It all starts with our natural coping mechanisms and why we aren’t helping ourselves either
Apathy is a lack of interest, enthusiasm, or concern.
It’s the feeling of not feeling and what I refer to as feeling numb.
Numbness was my preferred feeling for a few years.
It was my coping mechanism when my daughter’s drug and alcohol abuse started because I felt defeated by it and powerless to help her.
The numbness helped me filter out the overwhelming pain I didn’t know how to handle or process.
Have you ever been standing in the ocean facing the shore and suddenly a huge wave comes up behind you, catches you off guard, and next thing you know you are under water trying to stand up so you can catch your breath?
When those overwhelming feelings rolled in and caught me off guard, I was always eager to run back to my comfortable, barely existing, numbness.
I had little or no interest in hobbies, friends, working out, or anything else I used to enjoy.
I felt like I couldn’t commit to any plans because I never knew what was going to come up with my daughter.
So, rather than living my life, I laid in bed or a dark room and mindlessly surfed the internet or watched tv.
I knew I was stuck, but I wasn’t sure how to get out of it.
The problem is, in order to be driven to take action, you have to experience feelings about something.
If you aren’t feeling anything, you aren’t going to be driven to do anything.
If you are running from your feelings, it creates a vicious cycle of no feeling, no action, no feeling, no action.
Originally, my apathy was a relief because it was an escape from what was happening in my life, but the price was not really living, just existing, just surviving each day.
Instead of embracing unhappiness as part of the human experience and feeling it without resisting it, I avoided it.
BUT, not only did I avoid pain and sadness, I avoided happiness and fulfillment too.
There wasn’t a defining moment that made me change.
I was just sick of neglecting myself and not living my life.
There were many starts and stops along the way.
I would try to motivate myself through actions like working out, but I didn’t know actions are driven by thoughts and feelings so I couldn’t gain any momentum.
My thoughts were still negative, so of course my feelings were negative, which lead me right back to the negative behavior of laying in front of the TV.
Once I learned that thoughts drive feeling and action, I got some traction and made progress toward change. (read more about thoughts here http://heatherrosscoaching.com/the-secret-to-a-better-life/)
I had to take responsibility for my life and own what got me to that place of apathy and forgive myself for letting it happen.
From there I focused on self-care, self-discipline, structure, organization, and becoming willing to feel the full spectrum of human emotion – good AND bad.
It was a process that took time, commitment, and willingness to try again when I failed.
It was also an opportunity to work on the parts of me that were willing to accept apathy as an option to begin with.
One of my favorite questions to ask myself is “how is this situation for me and not against me?”
I didn’t think anything could be FOR me when it came to my daughter’s substance abuse.

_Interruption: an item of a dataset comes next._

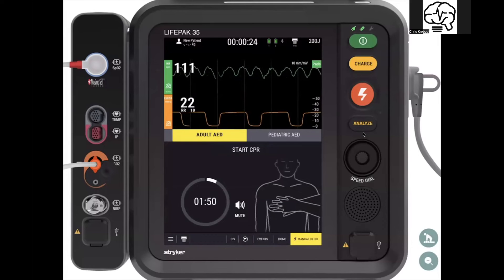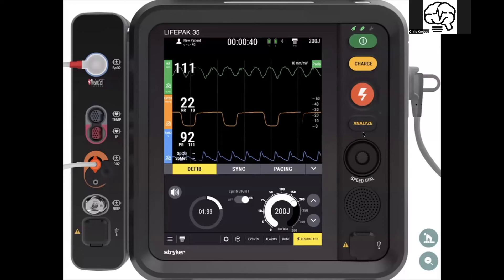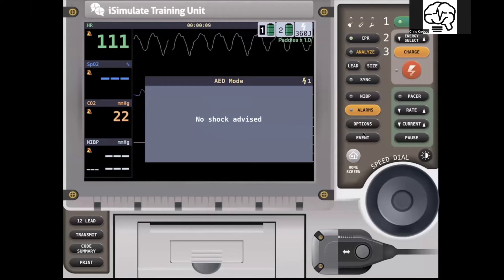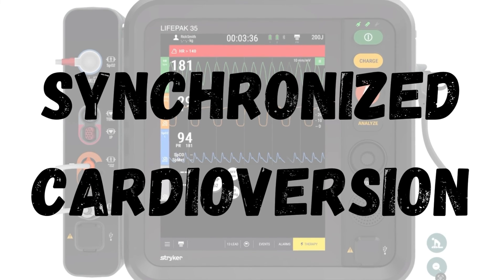The LifePack 15 also has CPR Insight occurring underneath, and if it detects the rhythm to be shockable, it will pre-charge prior to the event. If you need to kick out of it, just hit manual mode and it kicks right out. On the new LifePack 35, everything lives in that therapy dashboard at the bottom.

Sometimes it’s hard for me to explain this because I’m not sure people can understand it if they haven’t experienced it, but her substance abuse was the catalyst that pushed me into enough discomfort to make major changes in my life.
That’s how it was for me and not against me.
Those changes didn’t just stop at where I was before her substance abuse started, they took me to a new place of love, self-acceptance, and living intentionally.
That is why I always say you have to put your own oxygen mask on first – when I was numb and trying to avoid pain, I wasn’t as available for my daughter.
I couldn’t fully support her the way I can today.
The best way to help and support your child with their substance abuse is to help and support yourself so you are available for them and can lead a healthy life by example.